If you don't get any suction, lower the bucket the water is flowing into. It has to be lower than the fish tank or you won't get any draw at all. You may need a siphon with a longer hose to do this. The lower the bucket, the stronger the suction. 

I wouldn't waste my money on those battery things.


----------



## Sue Gremlin (Jan 16, 2007)

I'm sorry, I guess I didn't read your question thoroughly enough. My bad. I see that your tank is almost on the floor. 
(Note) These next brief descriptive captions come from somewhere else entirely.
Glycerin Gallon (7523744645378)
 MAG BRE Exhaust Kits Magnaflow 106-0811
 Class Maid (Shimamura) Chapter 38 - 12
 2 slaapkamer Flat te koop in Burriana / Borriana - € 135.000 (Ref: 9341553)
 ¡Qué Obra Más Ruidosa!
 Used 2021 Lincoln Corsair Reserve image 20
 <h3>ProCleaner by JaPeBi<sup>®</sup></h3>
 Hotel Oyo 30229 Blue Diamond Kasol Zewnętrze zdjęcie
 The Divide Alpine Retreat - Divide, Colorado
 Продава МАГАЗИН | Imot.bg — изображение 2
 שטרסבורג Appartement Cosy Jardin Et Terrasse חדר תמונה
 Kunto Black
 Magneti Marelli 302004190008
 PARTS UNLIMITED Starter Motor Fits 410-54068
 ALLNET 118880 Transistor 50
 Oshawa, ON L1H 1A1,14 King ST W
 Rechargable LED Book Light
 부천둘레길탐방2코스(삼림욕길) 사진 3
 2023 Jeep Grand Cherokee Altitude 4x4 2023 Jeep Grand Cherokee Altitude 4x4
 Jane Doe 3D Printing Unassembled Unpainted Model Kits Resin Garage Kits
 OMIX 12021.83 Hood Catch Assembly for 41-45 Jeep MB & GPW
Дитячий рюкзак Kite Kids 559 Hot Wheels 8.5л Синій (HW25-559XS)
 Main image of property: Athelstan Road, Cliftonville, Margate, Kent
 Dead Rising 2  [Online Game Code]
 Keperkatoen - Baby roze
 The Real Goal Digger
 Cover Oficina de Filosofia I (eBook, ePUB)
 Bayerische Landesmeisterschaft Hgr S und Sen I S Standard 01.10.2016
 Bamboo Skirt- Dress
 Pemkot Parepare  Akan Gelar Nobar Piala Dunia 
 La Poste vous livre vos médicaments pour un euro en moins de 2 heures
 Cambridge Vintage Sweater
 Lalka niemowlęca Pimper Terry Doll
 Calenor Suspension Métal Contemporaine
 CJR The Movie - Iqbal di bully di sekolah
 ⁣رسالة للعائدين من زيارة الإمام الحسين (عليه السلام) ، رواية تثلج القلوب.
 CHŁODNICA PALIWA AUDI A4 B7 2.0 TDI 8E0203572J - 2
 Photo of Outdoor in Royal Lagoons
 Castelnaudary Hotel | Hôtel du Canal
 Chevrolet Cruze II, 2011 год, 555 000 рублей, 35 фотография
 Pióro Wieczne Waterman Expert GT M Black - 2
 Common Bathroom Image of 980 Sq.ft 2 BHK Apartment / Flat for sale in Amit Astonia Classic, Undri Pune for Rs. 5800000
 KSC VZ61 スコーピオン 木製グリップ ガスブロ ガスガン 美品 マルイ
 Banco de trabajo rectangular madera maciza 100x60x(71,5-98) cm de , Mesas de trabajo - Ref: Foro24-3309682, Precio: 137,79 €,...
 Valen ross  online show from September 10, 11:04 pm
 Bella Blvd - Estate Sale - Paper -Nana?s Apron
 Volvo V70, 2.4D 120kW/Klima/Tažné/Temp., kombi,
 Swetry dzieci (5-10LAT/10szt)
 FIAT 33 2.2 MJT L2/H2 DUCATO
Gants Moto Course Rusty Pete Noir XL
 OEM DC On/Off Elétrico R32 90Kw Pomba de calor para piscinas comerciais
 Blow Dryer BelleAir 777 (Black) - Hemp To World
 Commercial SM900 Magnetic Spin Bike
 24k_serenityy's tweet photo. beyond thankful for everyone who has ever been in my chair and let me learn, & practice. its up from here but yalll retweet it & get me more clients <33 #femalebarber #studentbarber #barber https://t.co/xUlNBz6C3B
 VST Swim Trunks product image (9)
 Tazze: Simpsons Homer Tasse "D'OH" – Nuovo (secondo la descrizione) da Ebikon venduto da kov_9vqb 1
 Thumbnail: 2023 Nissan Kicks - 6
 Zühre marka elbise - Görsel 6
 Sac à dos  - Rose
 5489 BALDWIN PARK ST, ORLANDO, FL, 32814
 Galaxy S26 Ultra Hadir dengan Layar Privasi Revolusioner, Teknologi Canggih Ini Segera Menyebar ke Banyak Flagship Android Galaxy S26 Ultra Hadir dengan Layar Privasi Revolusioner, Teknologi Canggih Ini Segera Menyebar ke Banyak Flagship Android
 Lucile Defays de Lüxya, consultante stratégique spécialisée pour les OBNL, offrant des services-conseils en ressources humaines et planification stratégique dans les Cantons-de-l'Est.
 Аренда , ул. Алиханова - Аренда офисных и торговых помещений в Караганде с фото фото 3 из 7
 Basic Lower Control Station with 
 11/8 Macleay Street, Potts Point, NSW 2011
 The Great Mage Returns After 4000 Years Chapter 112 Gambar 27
Perhaps that is the way to go for you then.


----------



## manda (Feb 9, 2006)

thank you! dont they have one with a hand pump sort of thing?


----------



## Sue Gremlin (Jan 16, 2007)

Yeah, I think I've seen one of those, but I can't remember where. We never stocked those in the store when I woked there. 
I have a Python, those things rule, if you have several tanks, that might be the way to go for you. I bought the couplings and made my own from tubing I got at Home Depot, they're ridiculously overpriced.


----------